В умении затронуть человеческое сердце вымыслом наравне с Диккенсом стоит только Шекспир. Действительно, если выкинуть у Диккенса все его ошибки, он окажется одним из величайших писателей новых времен. Положим, наши маленькие критики говорят, что таких людей, каких описывает Диккенс, никогда не было на свете. Но ведь в действительности не существовало ни Прометея, этого типа одухотворенного человека, ни Ниобеи, этой матери матерей; и именно потому они и ценны, как созданные писателями гораздо выше обыкновенных по таланту.
Стирфорс, которым Диккенс, по-видимому, очень гордился, никогда не возбуждал моей симпатии. Этот молодой человек чересчур уж мелодраматичен. Самое худшее, чего можно было бы пожелать ему, – это быть женатым на Розе Дартл и жить вместе с ее матерью. Посмотрели бы мы, что бы тогда сталось с его привлекательностью.

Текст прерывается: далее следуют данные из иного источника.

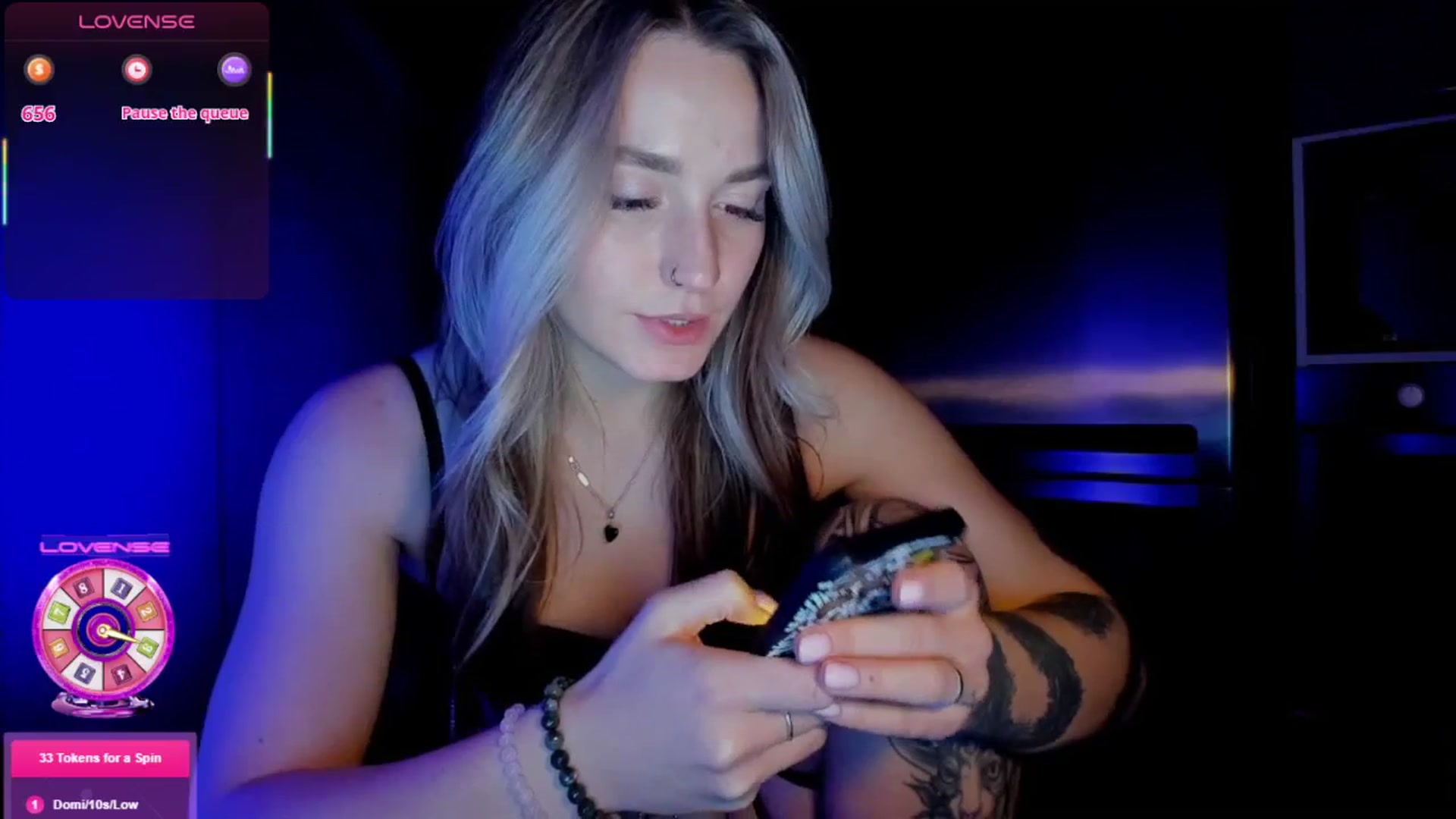 Gallery image thumbnail from Cutestdemon1's myfreecams stream on, 11/01/2025, 17:38 image 11 of 20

Большинство лиц, нарисованных Диккенсом, представляется типами доброты, скрытой в человеческой натуре во всей ее совокупности.
Особенность Диккенса в том и состояла, что он приписывал одномучеловеку столько добрых свойств, сколько в действительности может находиться в целой полусотне порядочных людей.
В итоге «Давид Копперфильд» – рассказ из простой жизни, просто и написанный; только такие рассказы и живут вечно. Эксцентричность слога, всевозможные выверты и т. п. кунштюки могут нравиться только современной критике, которая любит искусственность. «Давид Копперфильд» – книга, полная грусти, и именно этим она и дорога нам в настояшие грустные дни.
Человечество приближается к старости, и мы, частички этого человечества, стали любить грусть как друга, меньше других покидавшего нас. Во дни молодой силы мы были веселы и, подобно гребцам Улисса, с одинаковой радостью встречали и солнечное сияние, и грозу. В те дни по нашим жилам бурно переливалась ярко-красная кровь, мы смеялись, и наши речи звучали силой и надеждой. Теперь же мы ослабли, опустились, стали зябки, любим посидеть перед огнем и среди огненных языков улавливать свои мечты. И нам, старикам, могут нравиться только грустные истории, гармонирующие с теми, которые нам пришлось переживать самим.
Поэтому все рассказы из нашей жизни, и длинные и короткие, должны быть, на мой взгляд, прежде всего строго правдивы.